— Material provided —
----------------
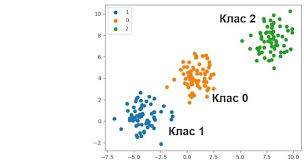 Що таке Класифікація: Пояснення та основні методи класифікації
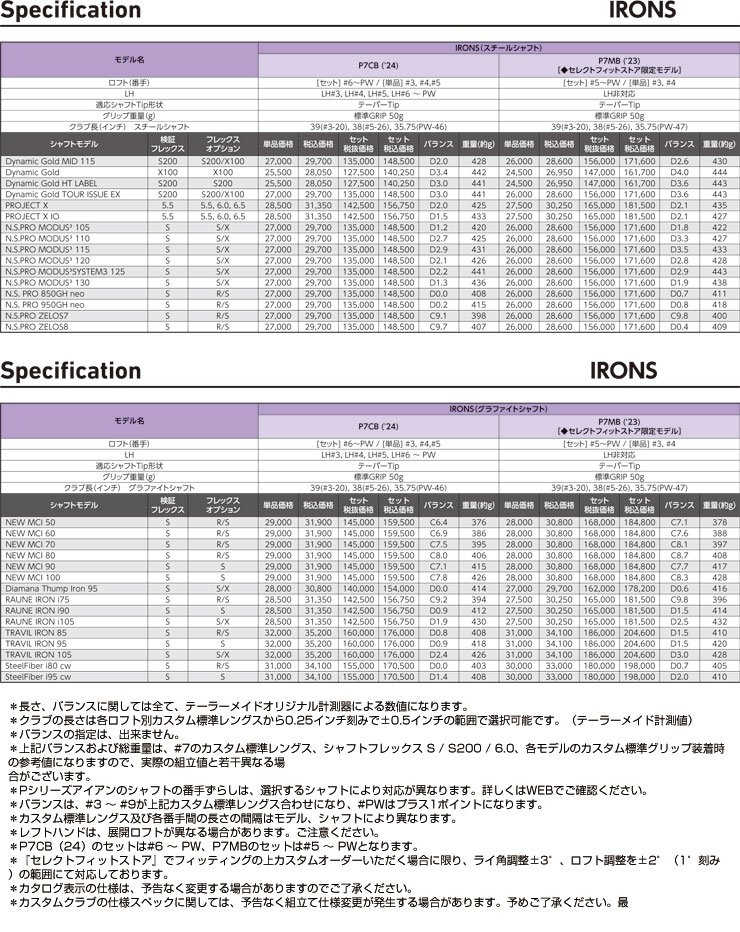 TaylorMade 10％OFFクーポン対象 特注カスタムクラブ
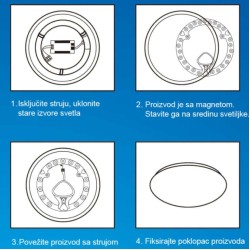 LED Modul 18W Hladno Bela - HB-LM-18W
----------------
— Task to carry out —
Without the pictures, give every line above again exactly.

— Exercise result —
 Що таке Класифікація: Пояснення та основні методи класифікації
 TaylorMade 10％OFFクーポン対象 特注カスタムクラブ
 LED Modul 18W Hladno Bela - HB-LM-18W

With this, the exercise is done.